§ Records supplied:
....

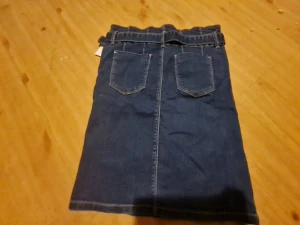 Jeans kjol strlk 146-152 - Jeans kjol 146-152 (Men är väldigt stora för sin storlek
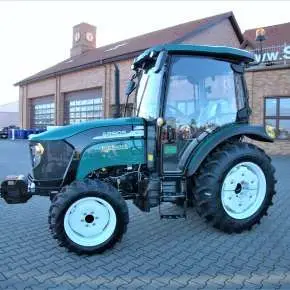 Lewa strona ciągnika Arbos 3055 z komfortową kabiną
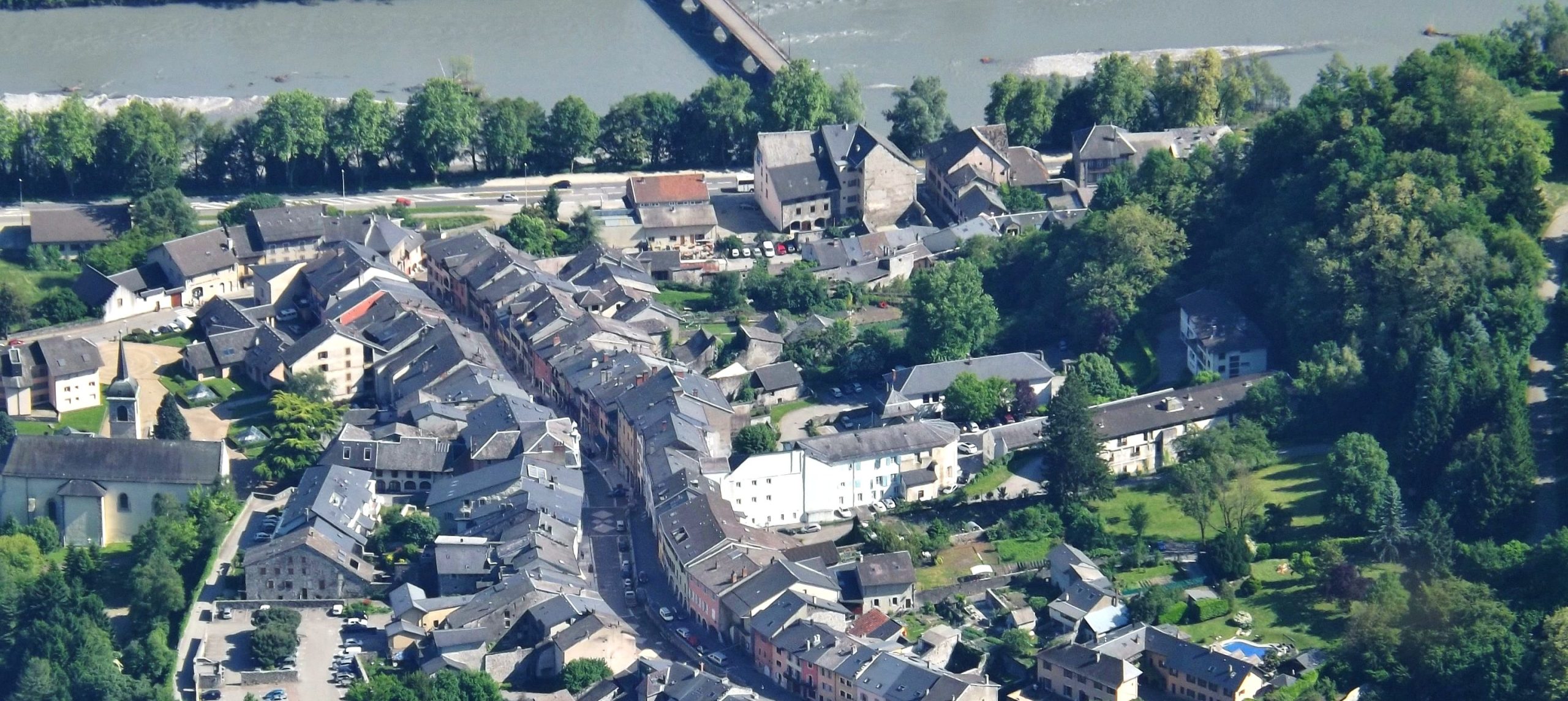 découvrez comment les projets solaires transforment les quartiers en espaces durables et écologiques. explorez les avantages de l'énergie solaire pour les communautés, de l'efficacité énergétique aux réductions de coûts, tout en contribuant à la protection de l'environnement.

....

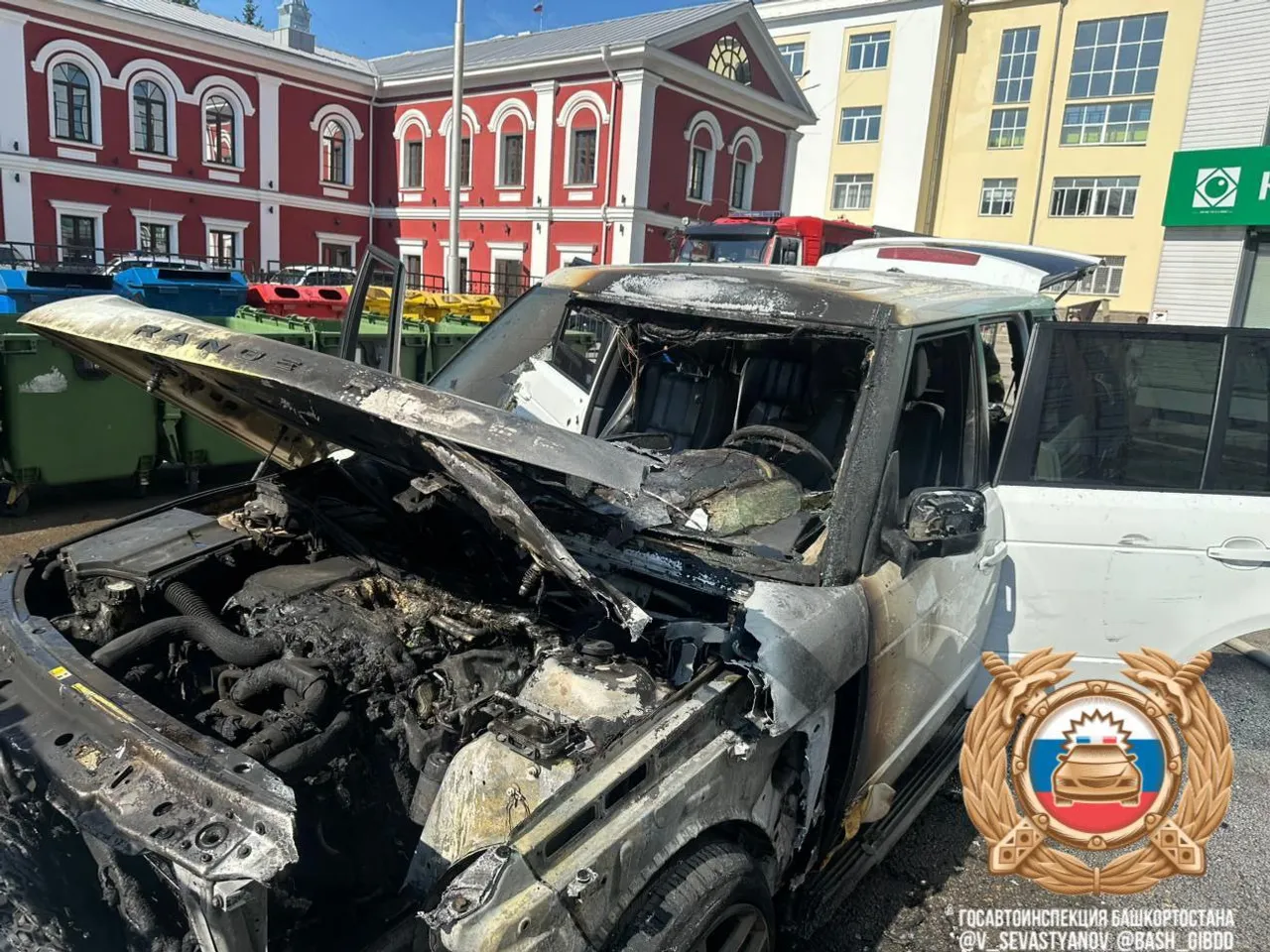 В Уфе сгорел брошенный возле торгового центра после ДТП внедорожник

....

§ What to do:
Exact copy, pictures excluded: every line above from the one containing "Jeans kjol strlk" to the one containing "découvrez comment les", inclusive, and nothing more.

§ Result of this task:
 Jeans kjol strlk 146-152 - Jeans kjol 146-152 (Men är väldigt stora för sin storlek
 Lewa strona ciągnika Arbos 3055 z komfortową kabiną
 découvrez comment les projets solaires transforment les quartiers en espaces durables et écologiques. explorez les avantages de l'énergie solaire pour les communautés, de l'efficacité énergétique aux réductions de coûts, tout en contribuant à la protection de l'environnement.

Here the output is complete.